Items listed in a dataset:
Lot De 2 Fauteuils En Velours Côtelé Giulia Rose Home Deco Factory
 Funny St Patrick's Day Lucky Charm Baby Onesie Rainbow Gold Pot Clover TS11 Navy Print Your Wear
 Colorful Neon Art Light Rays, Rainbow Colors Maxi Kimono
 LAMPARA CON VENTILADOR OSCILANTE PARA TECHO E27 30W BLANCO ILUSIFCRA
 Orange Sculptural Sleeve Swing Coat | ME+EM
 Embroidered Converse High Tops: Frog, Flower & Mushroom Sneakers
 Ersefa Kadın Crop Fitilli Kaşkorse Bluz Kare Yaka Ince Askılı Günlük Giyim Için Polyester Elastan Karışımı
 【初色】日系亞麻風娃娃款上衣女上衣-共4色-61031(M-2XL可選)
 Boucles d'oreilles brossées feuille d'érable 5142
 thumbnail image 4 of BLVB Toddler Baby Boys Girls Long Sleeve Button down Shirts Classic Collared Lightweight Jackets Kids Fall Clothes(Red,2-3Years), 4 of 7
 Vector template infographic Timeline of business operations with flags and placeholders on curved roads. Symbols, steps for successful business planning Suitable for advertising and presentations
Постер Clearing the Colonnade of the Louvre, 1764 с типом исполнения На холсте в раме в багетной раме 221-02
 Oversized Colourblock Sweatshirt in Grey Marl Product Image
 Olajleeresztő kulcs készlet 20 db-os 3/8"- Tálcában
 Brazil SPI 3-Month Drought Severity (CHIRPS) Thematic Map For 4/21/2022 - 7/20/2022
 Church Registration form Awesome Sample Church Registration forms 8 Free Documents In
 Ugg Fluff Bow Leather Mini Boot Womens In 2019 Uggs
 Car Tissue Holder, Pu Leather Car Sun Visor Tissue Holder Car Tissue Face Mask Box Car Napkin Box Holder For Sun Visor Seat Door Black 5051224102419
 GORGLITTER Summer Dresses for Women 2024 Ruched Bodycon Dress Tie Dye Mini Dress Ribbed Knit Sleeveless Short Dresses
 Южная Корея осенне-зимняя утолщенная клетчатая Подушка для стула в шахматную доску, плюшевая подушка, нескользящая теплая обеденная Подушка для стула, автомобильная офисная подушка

Task to complete: Going back to the entries above, set down exactly the lines that begin at the one with "Olajleeresztő kulcs készlet" and end at the one with "GORGLITTER Summer Dresses", both included, and nothing else.

Reply to the task:
 Olajleeresztő kulcs készlet 20 db-os 3/8"- Tálcában
 Brazil SPI 3-Month Drought Severity (CHIRPS) Thematic Map For 4/21/2022 - 7/20/2022
 Church Registration form Awesome Sample Church Registration forms 8 Free Documents In
 Ugg Fluff Bow Leather Mini Boot Womens In 2019 Uggs
 Car Tissue Holder, Pu Leather Car Sun Visor Tissue Holder Car Tissue Face Mask Box Car Napkin Box Holder For Sun Visor Seat Door Black 5051224102419
 GORGLITTER Summer Dresses for Women 2024 Ruched Bodycon Dress Tie Dye Mini Dress Ribbed Knit Sleeveless Short Dresses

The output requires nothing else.